Last, developers can run their models in DeepSparse, Neural Magic’s inference runtime. DeepSparse achieves its performance using breakthrough algorithms that reduce the computation needed for neural network execution and accelerate the resulting memory-bound computation, cutting up to 90% of a model’s compute requirements to get more flexibility, faster by optimizing once and then deploying at scale. 

In 2023, the team is further building out their revenue engine and adding to an open source community of 1,400+ Slack members.
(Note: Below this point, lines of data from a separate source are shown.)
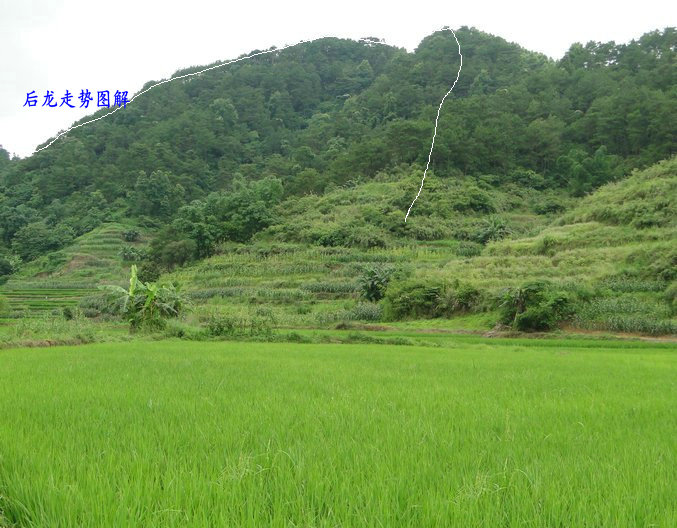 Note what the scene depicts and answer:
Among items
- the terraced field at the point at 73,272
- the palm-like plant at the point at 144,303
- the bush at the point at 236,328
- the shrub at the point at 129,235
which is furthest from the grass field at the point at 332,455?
the shrub at the point at 129,235

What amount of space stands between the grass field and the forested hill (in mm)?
51896

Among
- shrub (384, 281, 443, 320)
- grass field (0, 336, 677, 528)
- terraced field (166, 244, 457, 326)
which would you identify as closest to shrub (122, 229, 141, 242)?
terraced field (166, 244, 457, 326)

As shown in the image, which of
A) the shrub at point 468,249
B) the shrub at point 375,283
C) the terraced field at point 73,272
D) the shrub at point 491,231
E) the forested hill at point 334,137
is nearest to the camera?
the shrub at point 375,283

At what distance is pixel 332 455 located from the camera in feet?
9.63

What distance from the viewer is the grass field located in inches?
83.2

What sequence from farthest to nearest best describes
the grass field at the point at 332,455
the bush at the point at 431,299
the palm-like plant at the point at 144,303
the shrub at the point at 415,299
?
1. the shrub at the point at 415,299
2. the bush at the point at 431,299
3. the palm-like plant at the point at 144,303
4. the grass field at the point at 332,455

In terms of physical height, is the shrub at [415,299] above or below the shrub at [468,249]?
below

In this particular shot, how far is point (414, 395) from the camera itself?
220 inches

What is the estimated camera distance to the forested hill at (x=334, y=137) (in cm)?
6088

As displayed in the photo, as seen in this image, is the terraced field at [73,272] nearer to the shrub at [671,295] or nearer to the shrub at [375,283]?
the shrub at [375,283]

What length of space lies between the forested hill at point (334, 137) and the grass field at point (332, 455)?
170 ft

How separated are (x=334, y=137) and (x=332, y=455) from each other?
88377 mm

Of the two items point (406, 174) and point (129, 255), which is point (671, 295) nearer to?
point (406, 174)

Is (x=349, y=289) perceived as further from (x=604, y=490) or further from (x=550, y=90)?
(x=550, y=90) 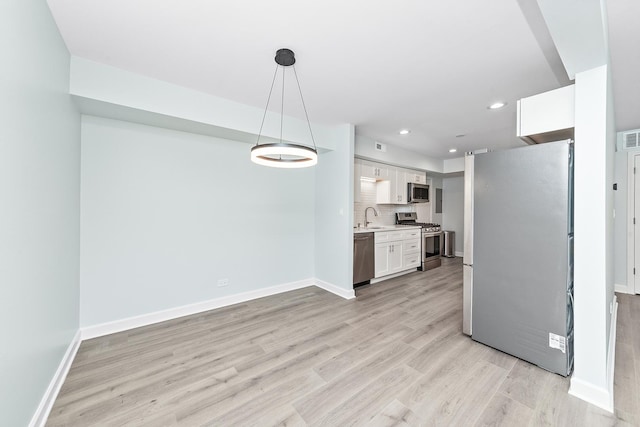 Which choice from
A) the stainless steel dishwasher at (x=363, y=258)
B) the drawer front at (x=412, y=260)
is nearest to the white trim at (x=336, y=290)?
the stainless steel dishwasher at (x=363, y=258)

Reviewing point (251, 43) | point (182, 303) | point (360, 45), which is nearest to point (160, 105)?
point (251, 43)

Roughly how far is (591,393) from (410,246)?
3.50 m

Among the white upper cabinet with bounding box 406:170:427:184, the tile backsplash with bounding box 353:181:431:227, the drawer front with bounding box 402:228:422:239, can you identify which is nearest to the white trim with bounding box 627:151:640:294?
the drawer front with bounding box 402:228:422:239

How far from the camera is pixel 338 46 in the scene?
80.2 inches

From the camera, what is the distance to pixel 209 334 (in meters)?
2.69

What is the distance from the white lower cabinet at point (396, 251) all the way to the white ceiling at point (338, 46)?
238cm

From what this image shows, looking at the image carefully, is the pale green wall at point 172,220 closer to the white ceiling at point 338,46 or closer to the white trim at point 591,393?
the white ceiling at point 338,46

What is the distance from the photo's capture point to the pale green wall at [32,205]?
1.19 m

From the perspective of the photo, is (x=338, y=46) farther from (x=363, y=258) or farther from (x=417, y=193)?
(x=417, y=193)

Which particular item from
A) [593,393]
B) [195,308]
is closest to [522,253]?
[593,393]

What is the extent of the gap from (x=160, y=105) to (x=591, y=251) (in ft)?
12.9

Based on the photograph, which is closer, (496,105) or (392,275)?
(496,105)

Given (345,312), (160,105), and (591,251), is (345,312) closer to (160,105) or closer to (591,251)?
(591,251)

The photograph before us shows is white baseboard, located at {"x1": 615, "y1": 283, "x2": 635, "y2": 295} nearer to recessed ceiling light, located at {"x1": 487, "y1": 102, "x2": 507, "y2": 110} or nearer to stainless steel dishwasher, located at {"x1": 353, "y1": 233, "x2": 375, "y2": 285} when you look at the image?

In 2023 YTD they’ve seen over 1M SparseZoo model downloads, more than 2x what they saw in 2022. 

Operators to Know (Locally):

My investigative powers continue to need work so apologies to the Neural Magic team if I missed many up & coming operators internally

Key Roles To Be Hired:

If I were interviewing here are some questions I’d ask:

  • What are the key defensible technical advantages that Neural Magic is building?
  • Who are the key competitors Neural Magic faces in the years ahead?
  • What are the key milestones for 2023 and what is the long term vision for the company?
  • What are the biggest priorities as you scale the team? What are the most important roles you’ll be looking to add in 2023?

We’re optimizing for readability here so to learn more about Neural Magic you’ll have to D.Y.O.R. I’m excited to watch this team help more AI companies get more efficient with their infrastructure costs. All consumer and high powered machine learning enthusiasts applaud your efforts. See you around town!